• [THE PROBLEM] Only the lines below from the one containing "1984 BSA Maubila" through the last line should be set down, exactly as written and with no pictures.
START DATASET SECTION
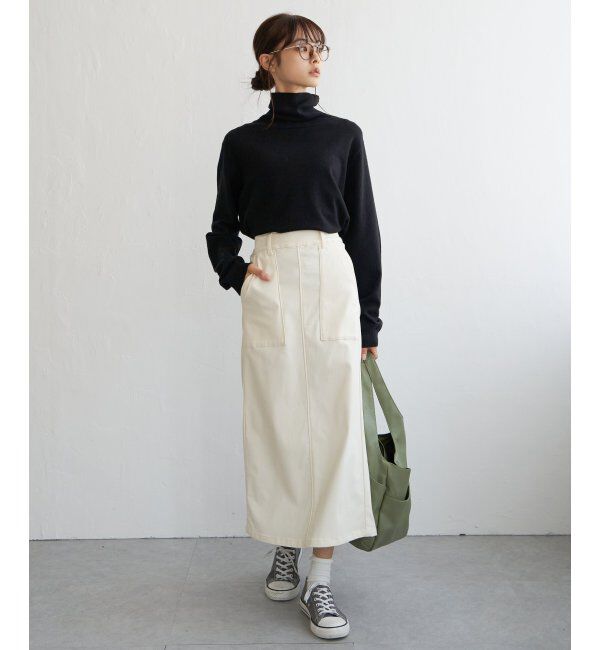 Lbc with Life「天竺ハイネックカラーニット」|カーディガン|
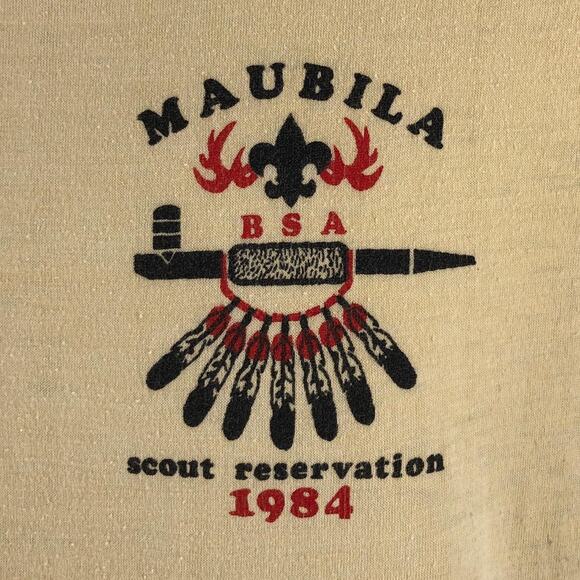 1984 BSA Maubila Boy Scout Reservation Camp Tshirt 80s 1980s vintage - Picture 2 of 5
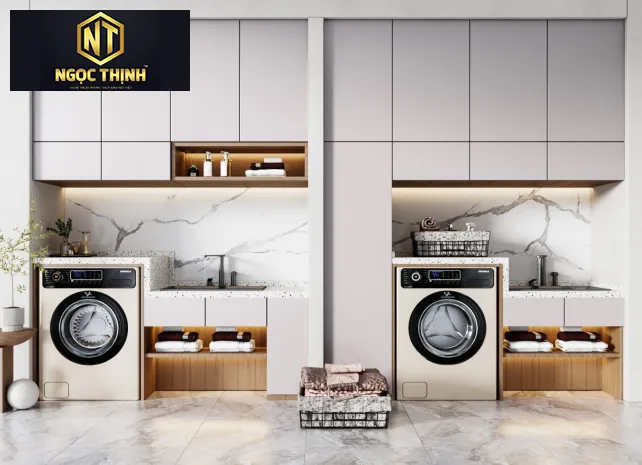 TỦ MÁY GIẶT KẾ HỢP TỦ TIỆN LỢI GỌN GÀNG ĐA NĂNG MẪU 07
END DATASET SECTION
• [WRITTEN SOLUTION]
 1984 BSA Maubila Boy Scout Reservation Camp Tshirt 80s 1980s vintage - Picture 2 of 5
 TỦ MÁY GIẶT KẾ HỢP TỦ TIỆN LỢI GỌN GÀNG ĐA NĂNG MẪU 07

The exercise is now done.